In dieser Ausstellung wird eine junge Hamburger Privatsammlung zum ersten Mal einer breiteren Öffentlichkeit vorgestellt. Es handelt sich um Werke von Künstlerinnen und Künstlern, die vornehmlich derselben Generation angehören wie auch das Sammlerehepaar selbst. Auf diese Übereinstimmung legen Dominic und Cordula Sohst-Brennenstuhl großen Wert. Das, was die beiden in der Kunst zu entdecken vermögen, hat Bezug zu ihrem eigenen Denken, ihren eigenen Wahrnehmungen, Fragestellungen und Erkenntnissen. Wenn man in diesem Sinne Gegenwartskunst als "Kunst unserer Zeit" verstehen möchte, ist das, was die beiden an künstlerischen Äußerungen bewegt, fasziniert und zugleich Rätsel aufgibt, zu vergleichen mit einer besonderen, höchst gegenwärtigen und differenzierten Zeit- und Gegenwartserfahrung.

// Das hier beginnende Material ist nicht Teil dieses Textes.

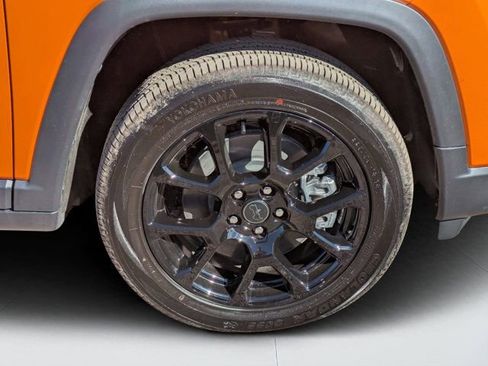 New 2026 Jeep Compass Latitude AWD/4WD image 9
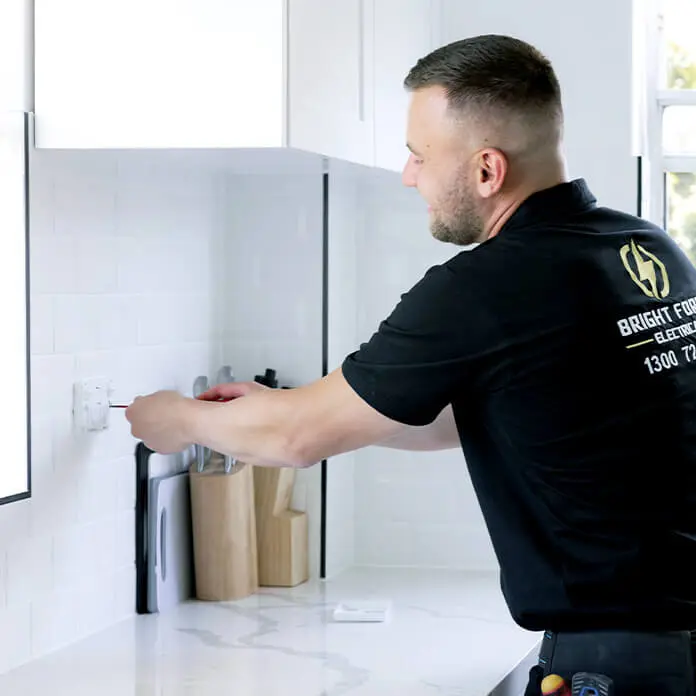 Installing Power Point Kitchen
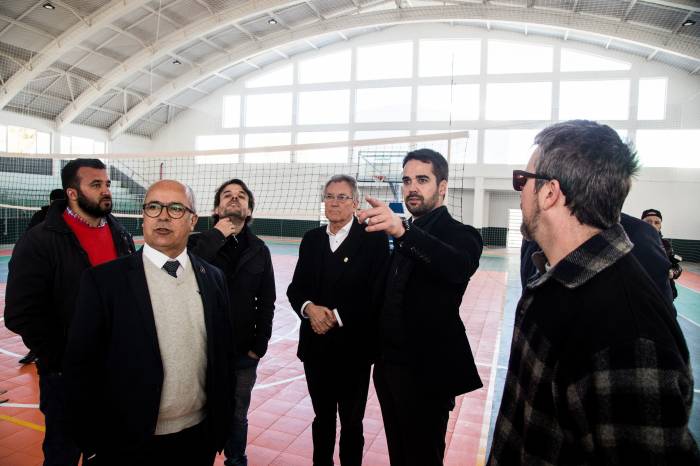Prefeito em exercício, Idemar Barz, e secretários, acompanham agenda de Eduardo Leite em Pelotas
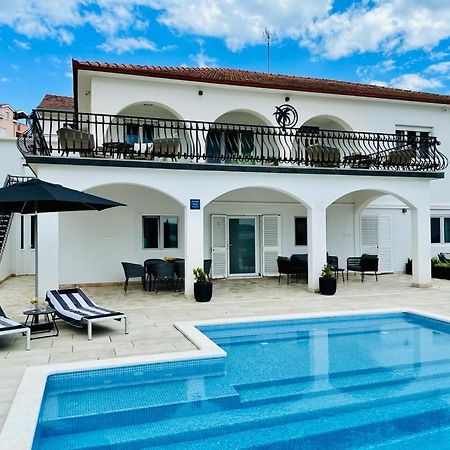 Villa Gala Trogir Bagian luar foto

Was Kunst allerdings vom Alltag der Gegenwart unterscheidet, zeigt sich auch hier: Es geht nicht um Bestätigung, Abbildung, schlichte Parallelität oder um den plakativen Kontrast von Kunst und Leben, sondern um Kommentierung, Bewusstmachung, Infragestellung und Kritik der Alltagserfahrungen und letztlich der Verhältnisse, in denen sie stattfinden. In diesem Sinne aber weist Kunst auch immer wieder über das Alltägliche hinaus, lässt es in anderem Licht erscheinen und neu überdenken. Diese spannende Fähigkeit der Kunst und die mit ihr verbundenen Erfahrungen betreffen sowohl den Bereich des Privaten, als auch denjenigen des Sozialen und des Gesellschaftlichen. Es ist durchaus ein wichtiger Impuls für Dominic und Cordula Sohst-Brennenstuhl, Kunst in engagierter Weise zu einem Bestandteil ihres Lebens zu machen und sich tagtäglich mit ihr zu umgeben.

Die Ausstellung zeigt Werke aus der Hamburger Sammlung zum ersten Mal in einem musealen Zusammenhang, was sich auch für das Sammlerpaar nicht nur als spannend darstellt, sondern einem Experiment gleicht. Wie die genreübergreifenden Arbeiten in der Weserburg untereinander in Beziehung stehen, welche ästhetischen Erfahrungen durch sie bei den interessierten Museumsbesuchern möglich, welche Diskussionen sie auslösen werden, ist das eigentlich Spannende, Überraschende und damit Bestandteil und Kern dieser Ausstellung. Peter Friese

KünstlerInnen: Thomas Baldischwyler, Michael Conrads, Jenny Feldmann, Volker Hüller, Florian Hüttner, Till Krause, Alicja Kwade, Rupprecht Matthies, Monika Michalko, Timo Nasseri, Howda Tawakol, Malte Urbschat, Jorinde Voigt, Ralf Weißleder u.a.